In Jo's Boys in chapter 5, it is stated,

Jack and Ned sent regrets and best wishes, and no one mourned their absence; for they were among what Mrs. Jo called her failures.

Why were these two in particular considered to be failures? From the second chapter of Little Men (as well as other incidents in the book), we know that Jack is a greedy dastard, so I'd expect that vice to be what Jo is disapproving of. In Ned's case, chapter 2 of Little Men says he is a bully. But are we expected to believe that he continues to be a bully?

In chapter 15 of Jo's Boys, it is stated,

...while good-hearted Ned traveled all the way from Chicago to press their hands and say, with a tear in his eye: ‘I was so anxious to hear all about the dear old boy, I couldn’t keep away.’

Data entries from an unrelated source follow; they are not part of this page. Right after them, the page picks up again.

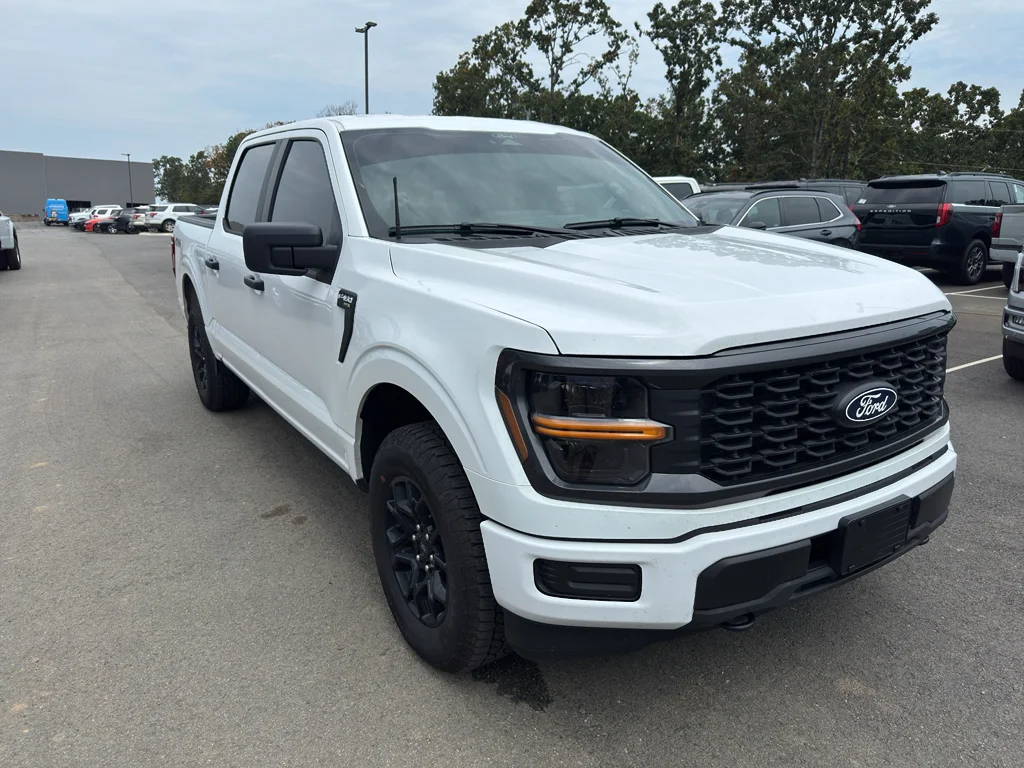 Certified Used 2025 Oxford White Ford STX image 3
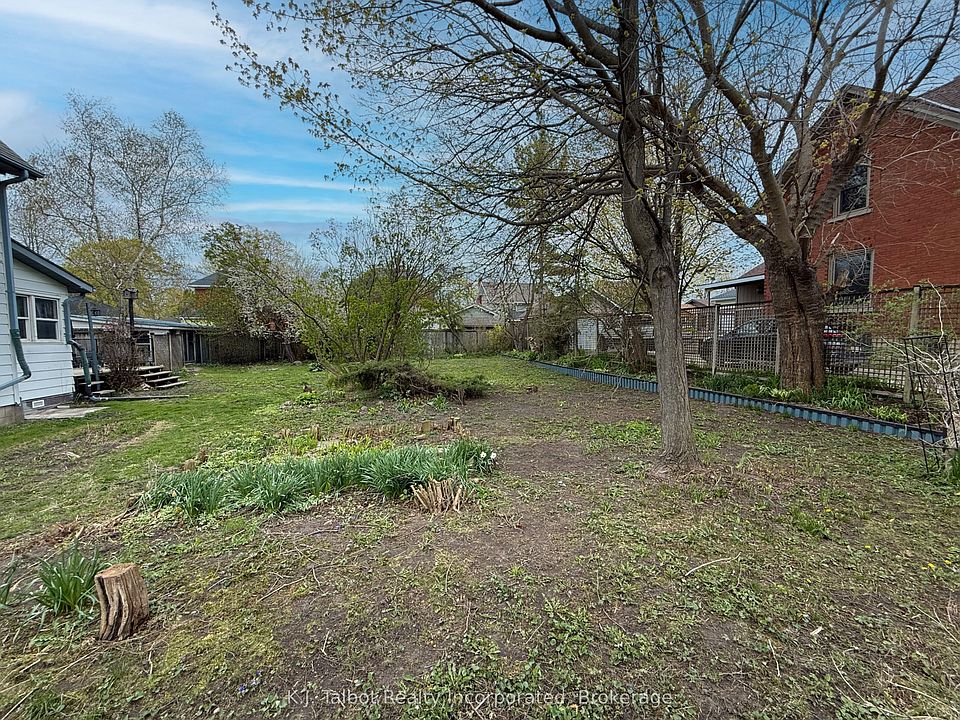 2nd image of 155 Quebec St
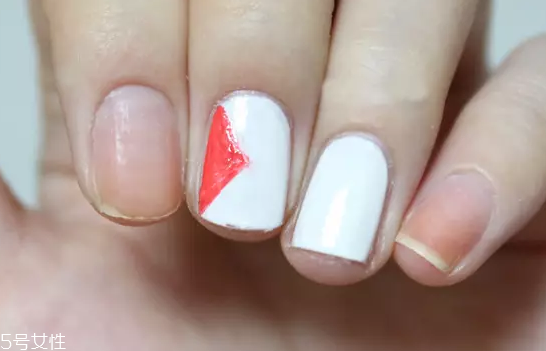 格紋光療美甲圖片 讓指尖的氣質發光發熱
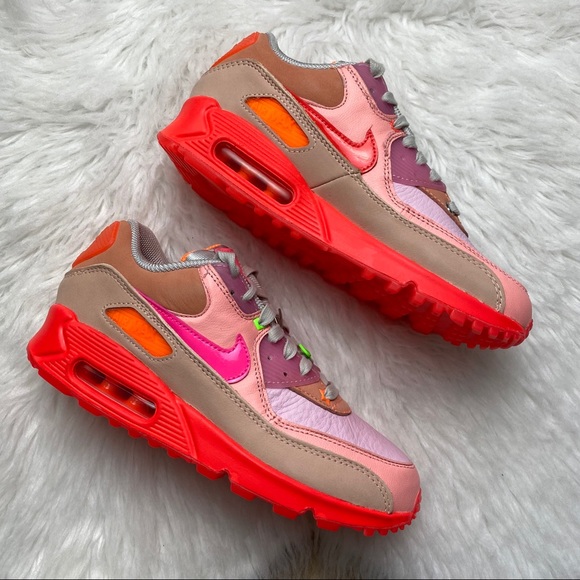 Nike Air Max 90 Platinum Crimson - Picture 2 of 7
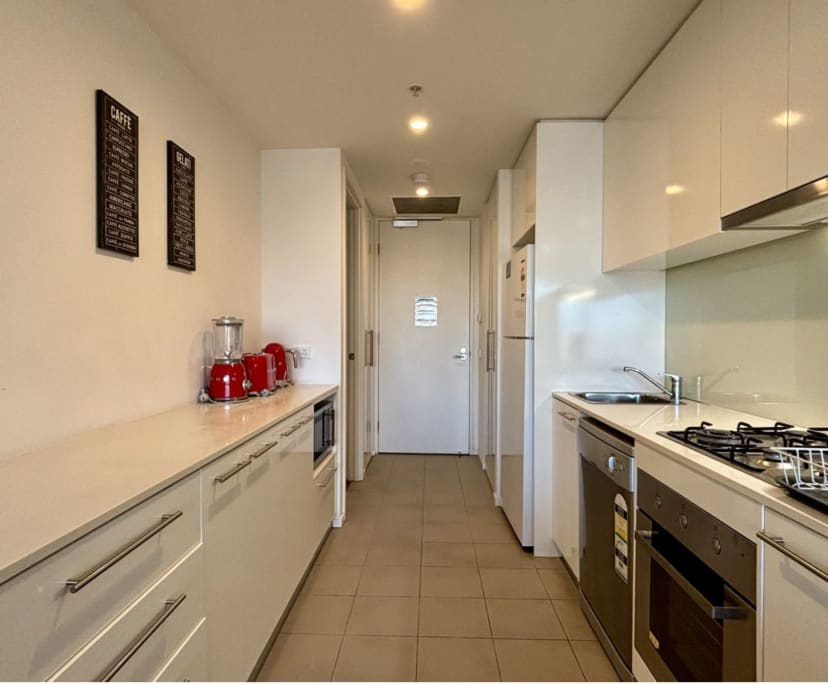 $350, Flatshare, 2 bathrooms, Flemington VIC 3031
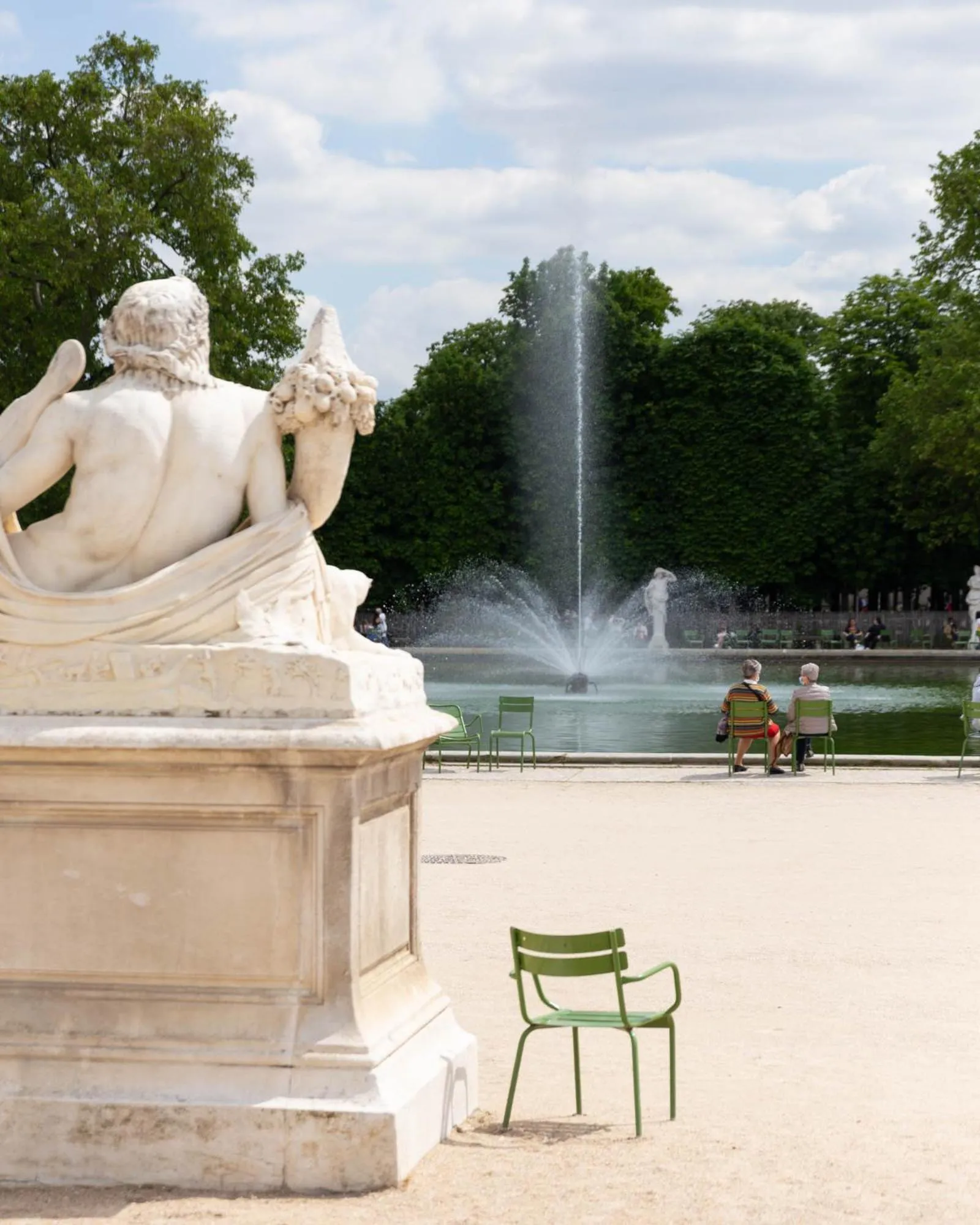 Neighbourhood in Le Burgundy Paris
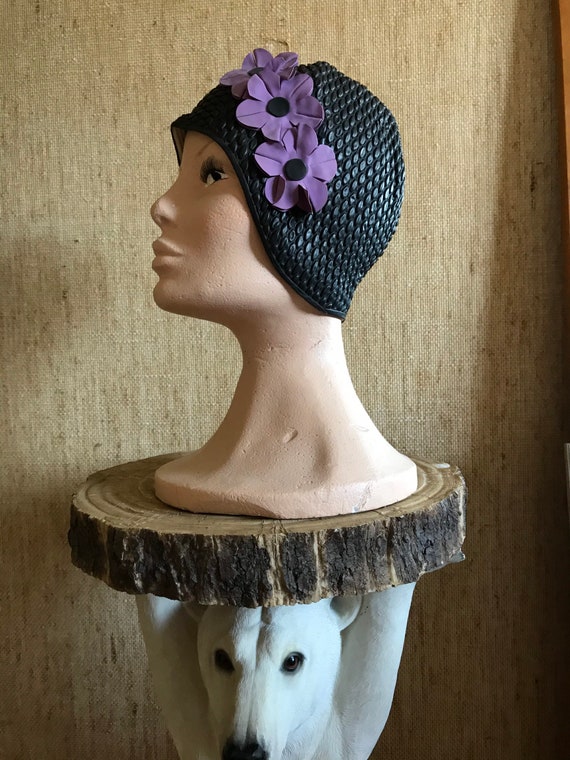 White swim cap hat / 1950-60 Vintage / Black with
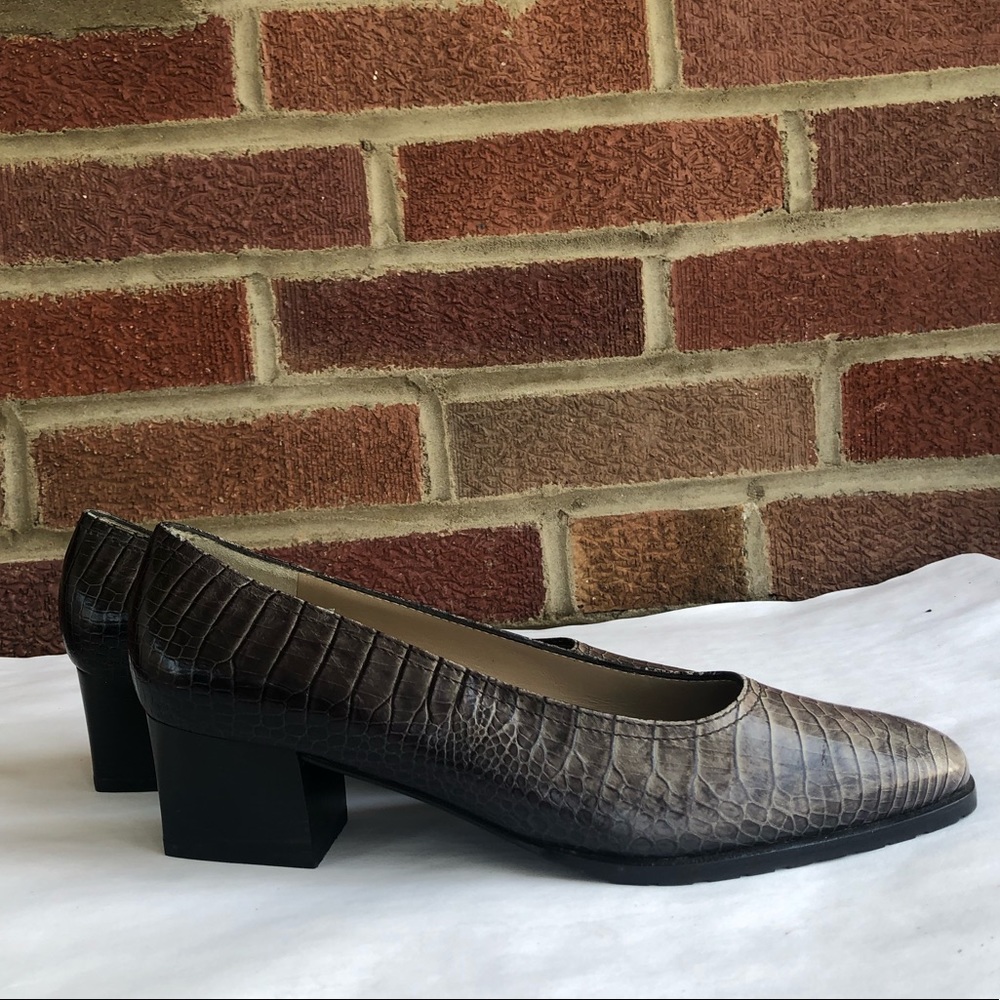 Salvatore Ferragano Printed Leather Heels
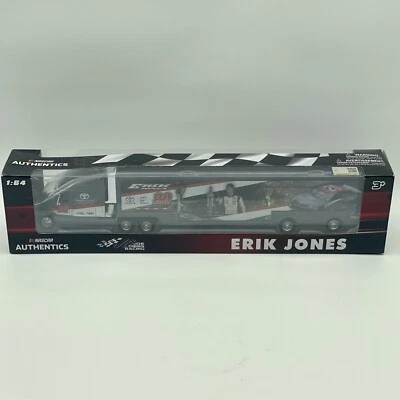Camión ganador Erik Jones Toyota Daytona NASCAR Authentics 2019 Wave 2 1:64 Gibbs Foto 1 de 2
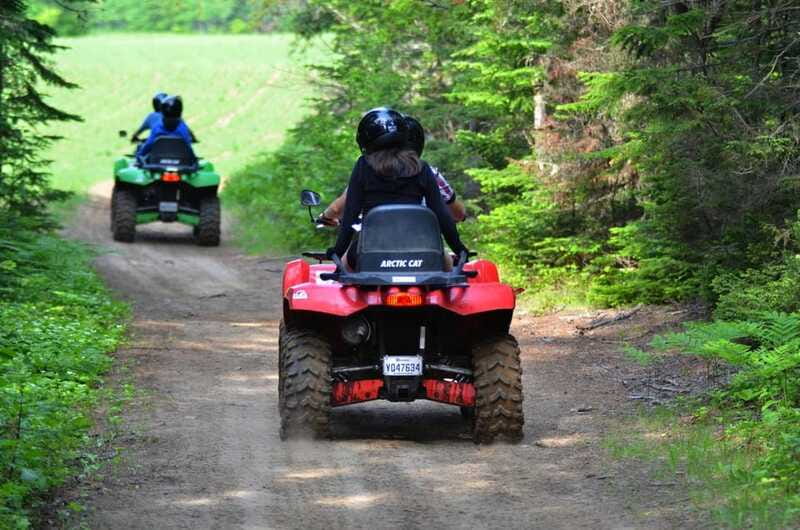 15 min. Tadoussac : Guided ATV tour excursion - What the guides add to the ride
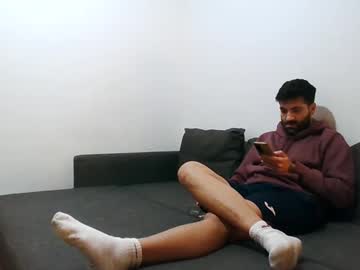 Italianboybcn Chaturbate stream image from December 20, 2024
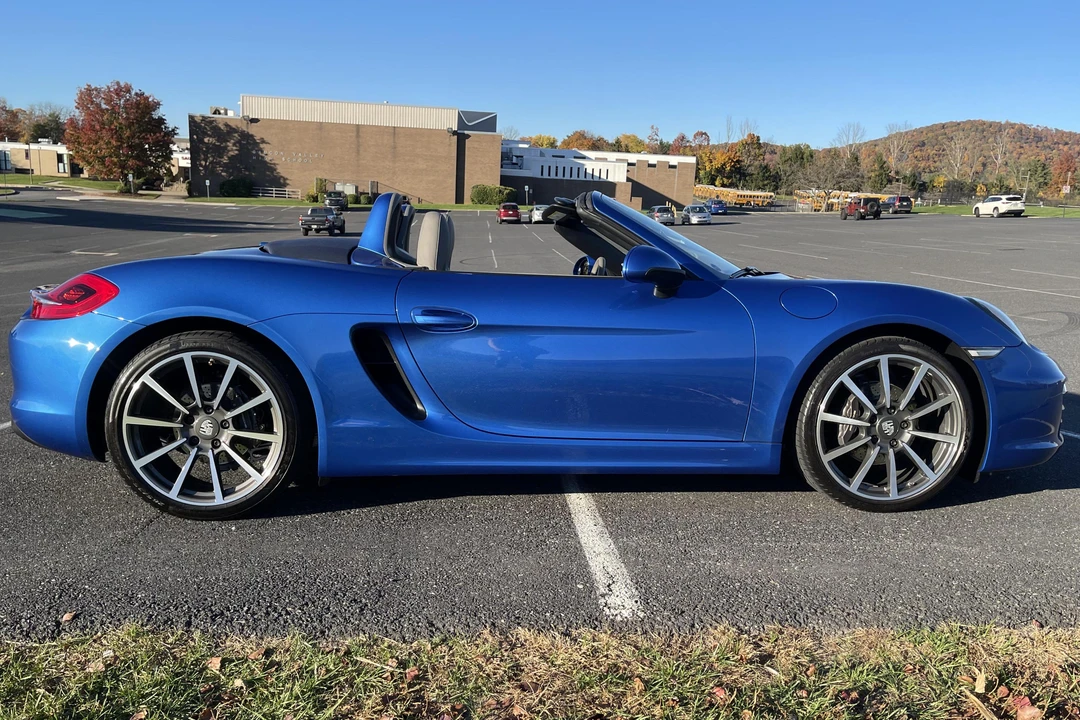 2014 Porsche 981 Boxster - Image 7 of 31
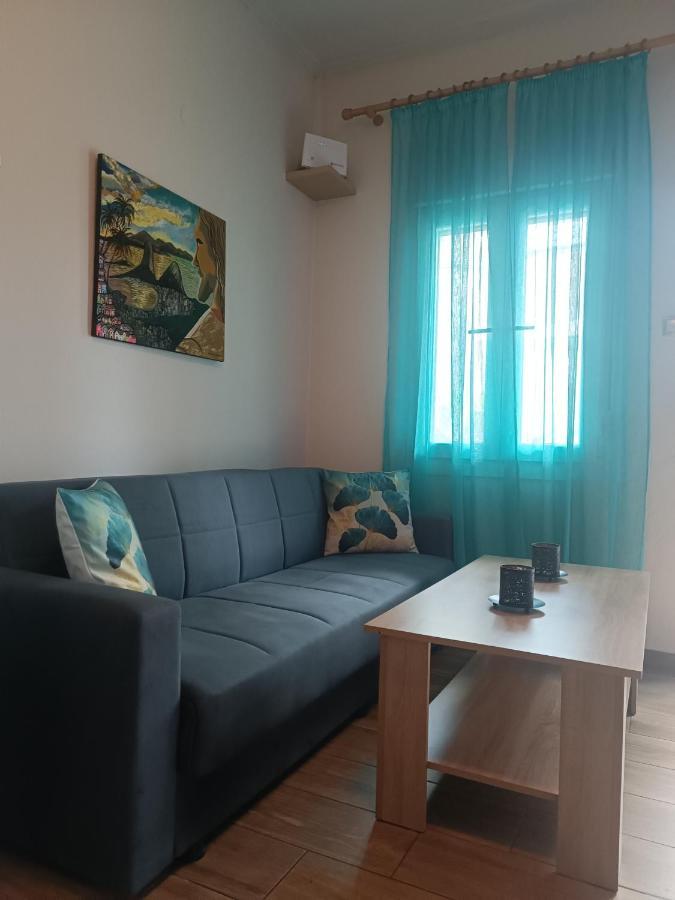 Lucy's House Apartment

The text describes Ned as kind-hearted, so one might expect that he has improved somewhat. For that matter, the other times Jack is mentioned in Jo's Boys don't seem to paint him negatively. So why does Jo consider them failures?

1 Answer 1


Right from the beginning of Little Men, Jack and Ned are portrayed as inherently flawed:

Jack Ford was a sharp, rather a sly lad, who was sent to this school, because it was cheap. Many men would have thought him a smart boy, but Mr. Bhaer did not like his way of illustrating that Yankee word, and thought his unboyish keenness and money-loving as much of an affliction as Dolly's stutter, or Dick's hump.

Ned Barker ... bragged a good deal about what he could do, but seldom did any thing to prove it, was not brave, and a little given to tale-telling. He was apt to bully the small boys, and flatter the big ones, and without being at all bad, was just the sort of fellow who could very easily be led astray.

Unlike, say, Dolly's stutter (an unfortunate affliction) or Stuffy's greediness (the result of parental overindulgence), the flaws that Jack and Ned have are seen as something wrong with their character, as moral failings. Nothing in the course of Little Men changes that assessment or causes us to feel sympathy for them. For example, Jack steals Tommy's money, and is perfectly happy to let Nat bear the burden of suspicion; when Ned grudgingly begins to accept that Nat might not be the thief after all, he bullies Nat to try and get at the truth.

Alcott does show that each boy has his virtues as well. Jack does eventually confess to the theft and try to atone; Ned does treat Nan with disinterested affection. But for all that, neither Jack nor Ned form any significant connections with their fellow students at Plumfield. Every other boy or girl has at least one close attachment: Dan with Nat, Demi with Daisy, Tommy with Nan, Dick with Dolly, and so on. Through such attachments, the students become part of the larger Plumfield community and show the success of the school's methods.

Jack and Ned evidently haven't formed any such bonds with the community. Their careers after Plumfield show that their inherent nature is the same. Jack is still "money-loving"; he is a businessman "bent on getting rich". And Ned is a lawyer; nuff said.

Joking apart, the reason they are "failures" is precisely that "no one mourned their absence". Unlike the other boys (and random girl or two) of Plumfield, Jack and Ned have not made themselves part of the place. So when Nat is on the verge of departure for the untamed wilds of Europe (let us remember what a barbarian place it was in the 19th century, especially when seen from the vantage point of the high culture and civilization then prevalent in America), the rest of the community gathers to wish him farewell; Jack and Ned are not connected enough to feel drawn to participate, and worse, nobody cares that they aren't part of the gathering. Is there a greater indication of failure in life than that your presence or absence makes no difference to anybody?